There are MPhil/Phd and MRes/PhD programmes and these are both integrated programmes. This means the MPhil and MRes components must be taken at the beginning and cannot be ‘skipped’. The main difference between these two is that the MRes is more like a ‘regular’ Master’s with taught elements and dissertation to be submitted at the end of the year. MRes/PhD programmes tend to be a little longer (4 to 6 years) than MPhil/PhD programmes (3 to 4 years), depending upon the specific programme. Make sure to do your research to make sure you understand exactly what you want to apply for!


Programme Structure

You will have a lead supervisor and need to spend around 40 hours per week on your research project. As well as your academic department and supervisor, LSE has a PhD Academy to offer additional support when carrying out your research, as well as professional development, as not all PhDs want to become academics. LSE is keen to help you succeed beyond your academic research.
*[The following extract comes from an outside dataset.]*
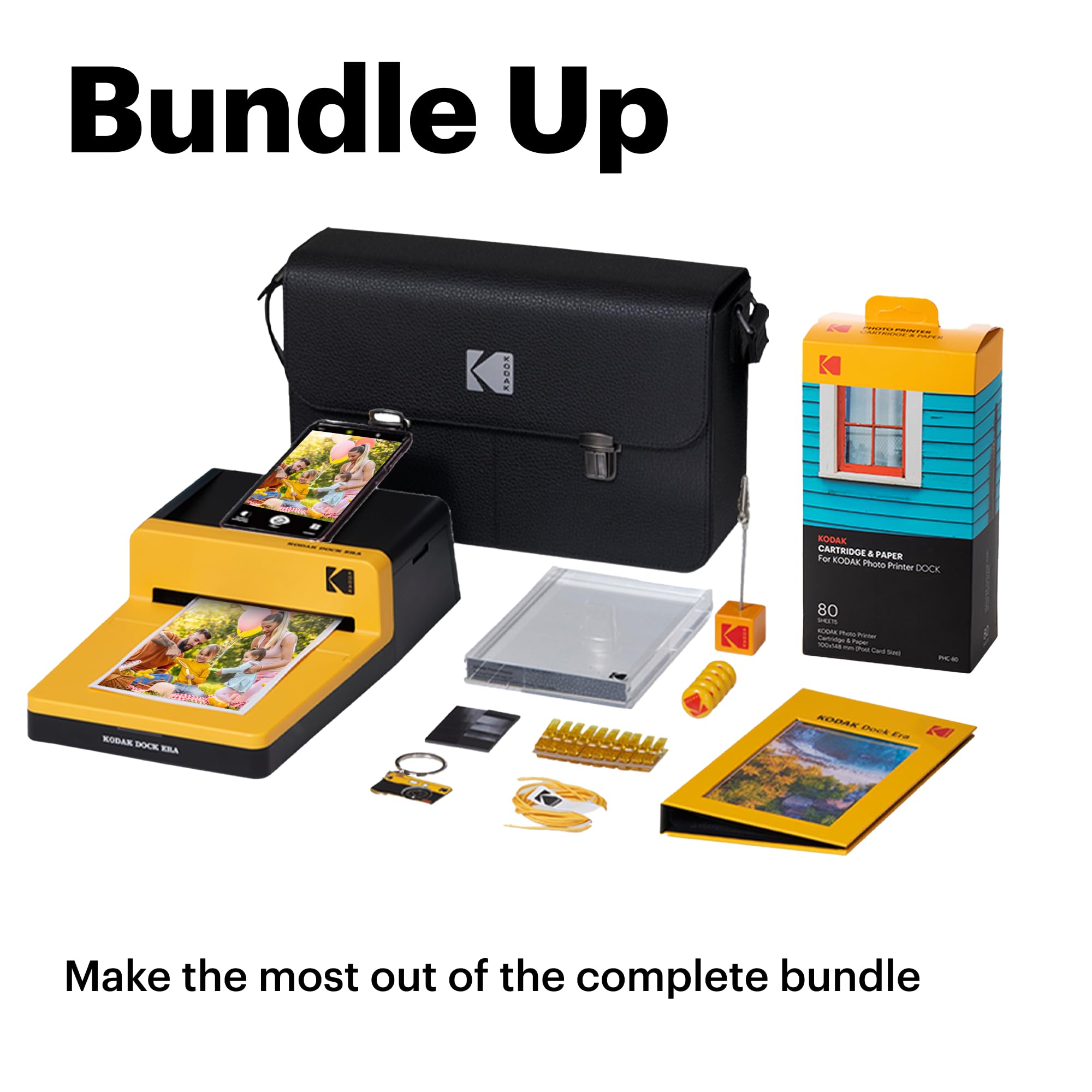 KODAK Dock ERA Plus 4PASS Instant Photo Printer (4x6) with 90 Sheets & Accessories - Print High-Quality Photos at Home for Parties, Travel Memories, and DIY Scrapbooking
By the end of your Programme you will submit a PhD thesis of between 80,000 to 100,000 words.


Applying

Take a thorough look at the LSE website for all programme details and entrance requirements. There are also ‘country pages’ with information concerning how your qualifications etc equate to UK standards.


You can only apply for two programmes at the same time, so the very first step is for you to narrow down your choices to those two programmes. The same can apply for PhDs, so make sure you do your homework!


The ‘Statement of Academic Purpose’

A very important part of the application process is submitting your ‘Statement of Academic Purpose’. This can generally be two to three pages in which you can tell selectors about why you find certain modules in LSE’s programmes interesting, how they connect to your previous studies and what you expect to learn and achieve in your time at LSE. Again, check the word limits for the Statement for the programme you want to apply for. Some have stricter word limits than others!


If you apply for two programmes, you will need to submit two statements, one for each. If you are applying for a PhD programme, in the vast majority of cases, you will need to submit a detailed research proposal, outlining exactly what you want to research, as well as a sample of your work (e.g. an English essay written at university). Make sure you check the requirements for your programme before you start your application!


Applications for all LSE graduate programmes open in October each year, and they have ‘rolling’ admissions, which means they remain open until all spaces have been filled. Generally this doesn’t happen before January or February, but the earlier you apply, the more chance you have of getting a place!


Interviews are not required for Master’s programmes. For PhD applications your written application will determine whether you get to the interview stage. This is why your ‘Statement of Academic Purpose’ is so important. The necessary academic prerequisites can be found on the website, but a good 2:1 or equivalent first degree for Master’s programmes is the general rule (for Economics a First Class).


For a PhD programme in the vast majority of cases you need to either have a Master’s degree or be studying for one at the time of applying.


Scholarships and Awards

Do your research on the LSE website about LSE funding. There is no kind of separate application format. When you apply you submit your application for your programme(s) and then once you get access to the online system there is a financial support application which you need to complete. You will then be considered for all funding you are eligible for from LSE.


External scholarships etc may have their own processes and deadlines so be sure to do your research well in advance!